You can also buy accessory automatic brake light flashers (not legal in all states) and/or accessory light-bars which connect to your tail and brake light wiring and will flash when the brake light comes on. These are legal I believe, as your main brake light remains steady.
You can also use hand signals to indicate deceleration, but that gets old soon and isn’t always possible.August 6, 2009 at 7:14 am #21307
I too find it easier to achieve smooth downshifts using engine/gearbox speed matching as described by Zepp and eternal05 (“slow release”), rather than by throttle blipping which, in order to achieve a smooth downshift, requires that you let out the clutch at the precise moment in the blip’s decay when engine and gearbox speeds match.
Note that when Zepp says “roll on the throttle” (with the clutch held in), it’s usually a fairly slight roll-on (i.e. don’t “grab a handfull”). You’re trying to match engine revs (using the throttle) with the new speed of the gearbox (in the lower gear). If you do it well enough, when you let out the clutch (smoothly), the bike will neither speed-up nor slow down.

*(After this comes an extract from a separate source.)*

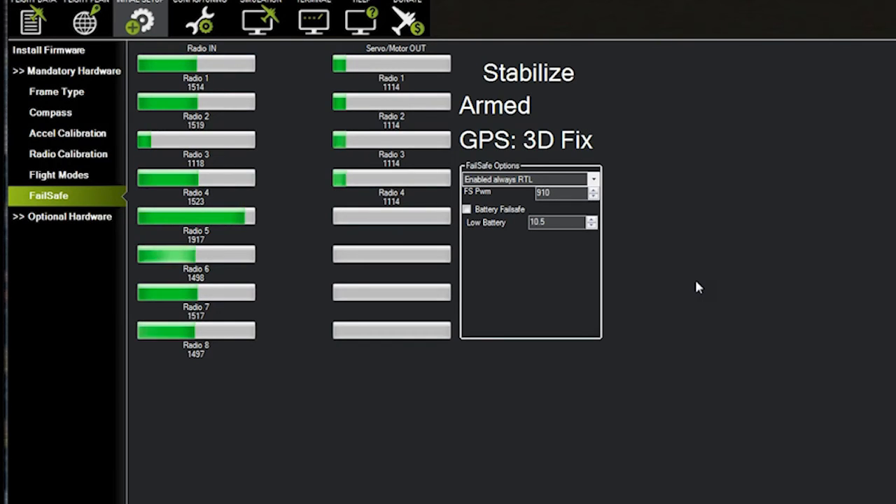I think we're good to go on this thing. The thing to remember is always check Return to Home — so if you turn off the radio, you should see all four of these things right around the mid position, and then it'll bring it back to you as long as you've got a lock when you've started. If you have any other questions, give me a call and I'll see what I can do to help you out. You should be ready to go now.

That said though, with enough practice, I’m sure that the blip technique soon becomes second nature, so whatever floats your boat…August 6, 2009 at 8:07 am #21309
…people blip because it allows you to downshift MUCH faster. The reason is that you don’t have to spend any time finding the right engine rev level. You just rev it and dump the clutch. Here’s proof of how fast you can downshift smoothly (notice that the camera doesn’t shake at ALL) when blipping. Pay attention to Rossi’s neon yellow glove on the clutch starting around 00:26 or so. Each pull is a downshift. Yes. That fast:
You say it’s harder to achieve a smooth downshift, and while it’s true that it’s harder in the sense of taking more practice, once you’ve figured it out, it’s actually easier because it’s totally mechanical. Again, notice that the bike doesn’t shake at all as Valentino shifts down. Part of the reason is that you wait for the engine to hit the top of the rev and start spinning back down before you dump the clutch. That way both the engine and the bike are slowing and some of whatever inevitable speed differential gets “absorbed.” The other reason is that the if you’re in one gear, there aren’t too many possibilities for how hard you should rev it to drop down a gear. You figure out how hard you need to rev in a particular situation and that’s that. In a way, you’re just “rev matching” REALLY fast.
So why would you need to go that fast? The obvious answer is “for the track,” but that answer is a bit naive. Anybody who thinks of a riding skill as wasted on street riding should think twice. I could give you lots of little examples where this would come in handy, but here’s the over-arching principle: combined with simultaneous braking, blipping allows you to stop or slow down quickly, ending up in gear with the clutch out when and if you need to get back on the gas. This can save your neck, and has saved mine more than once.August 7, 2009 at 12:13 am #21329
I agree with what you’re saying about faster downshifts and that it will probably become second nature with practice, but I don’t think that the Rossi video is an ideal example.
Valentino Rossi, apart from being one of the most skilled and accomplished racing motorcyclists in the world, also has the benefit of something that most newbie’s don’t, which could explain the smoothness of his downshifts and the lack of camera shake.
A Slipper Clutch
Rab (tongue firmly in cheek).August 7, 2009 at 12:45 am #21333
My Suzuki has a slipper clutch, and believe me, it doesn’t make your shifts smooth. All it does is let the clutch slip when not slipping would cause you to lose rear-wheel traction or create instability during a particularly jerky shift. As you know if you’ve had the good fortune to use one, it’s plenty easy to shift like crap with a slipper clutch, which is why, I assume, you have your tongue planted so decidedly in your cheek. I guess the above was more for general information.
Seriously though, Rossi might be a bad example, but there’s a horde of motorcyclists who can shift as smoothly in the same manner.